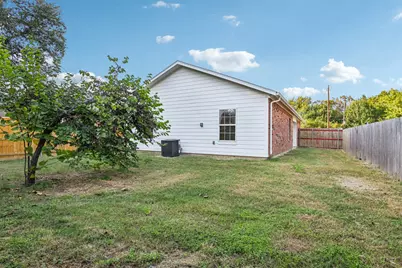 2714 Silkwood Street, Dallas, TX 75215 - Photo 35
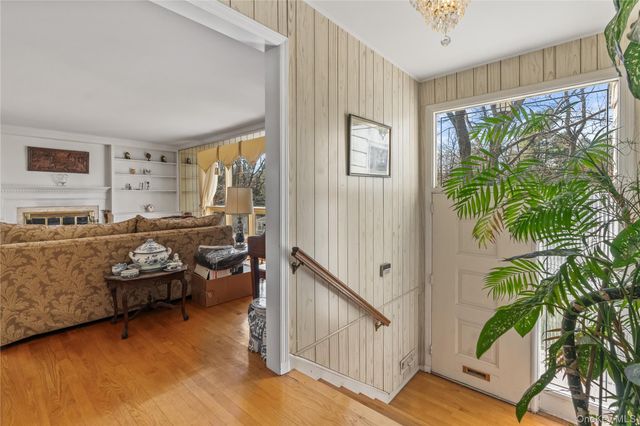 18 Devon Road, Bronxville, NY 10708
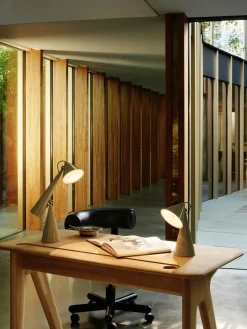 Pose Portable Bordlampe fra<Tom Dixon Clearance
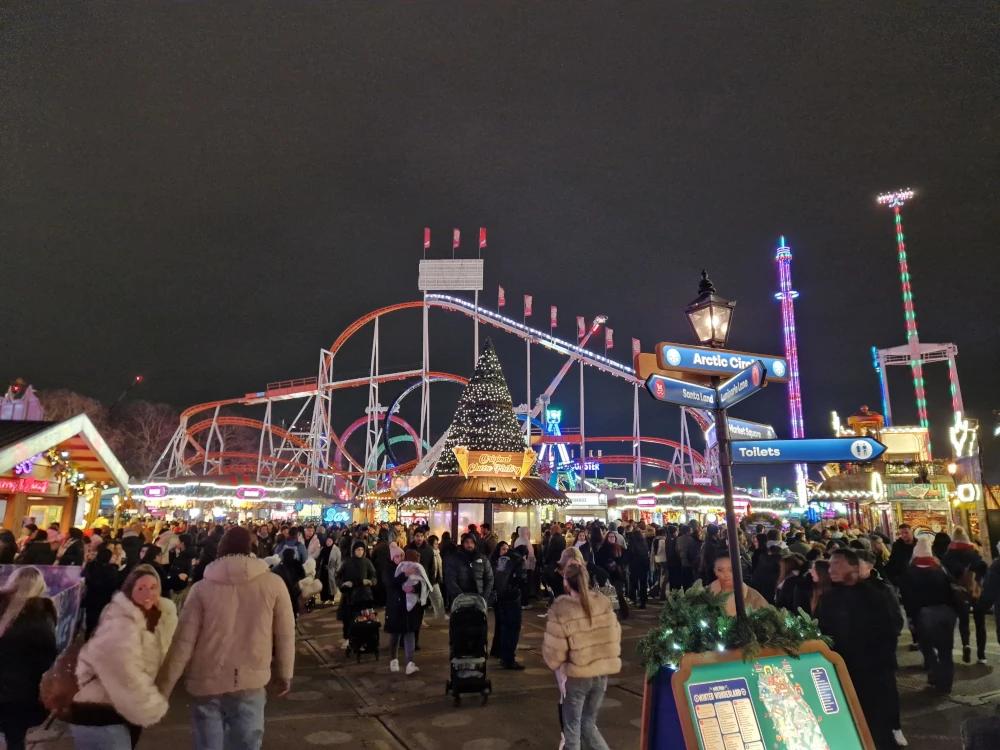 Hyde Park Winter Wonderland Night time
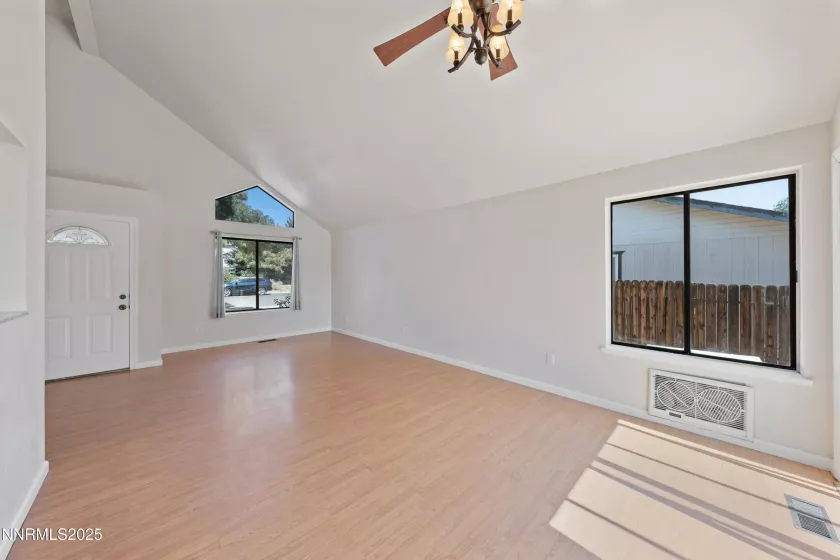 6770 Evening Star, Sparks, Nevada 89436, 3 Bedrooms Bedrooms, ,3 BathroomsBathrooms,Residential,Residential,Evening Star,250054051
---+---
The full listing, reproduced exactly and without pictures, is the expected output.

 2714 Silkwood Street, Dallas, TX 75215 - Photo 35
 18 Devon Road, Bronxville, NY 10708
 Pose Portable Bordlampe fra<Tom Dixon Clearance
 Hyde Park Winter Wonderland Night time
 6770 Evening Star, Sparks, Nevada 89436, 3 Bedrooms Bedrooms, ,3 BathroomsBathrooms,Residential,Residential,Evening Star,250054051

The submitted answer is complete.